TASK GOAL: The response must consist of every line of the listing, reproduced verbatim.

DATA PROVIDED:

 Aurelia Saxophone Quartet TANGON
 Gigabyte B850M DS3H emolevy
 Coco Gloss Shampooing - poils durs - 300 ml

WRITTEN RESPONSE:
 Aurelia Saxophone Quartet TANGON
 Gigabyte B850M DS3H emolevy
 Coco Gloss Shampooing - poils durs - 300 ml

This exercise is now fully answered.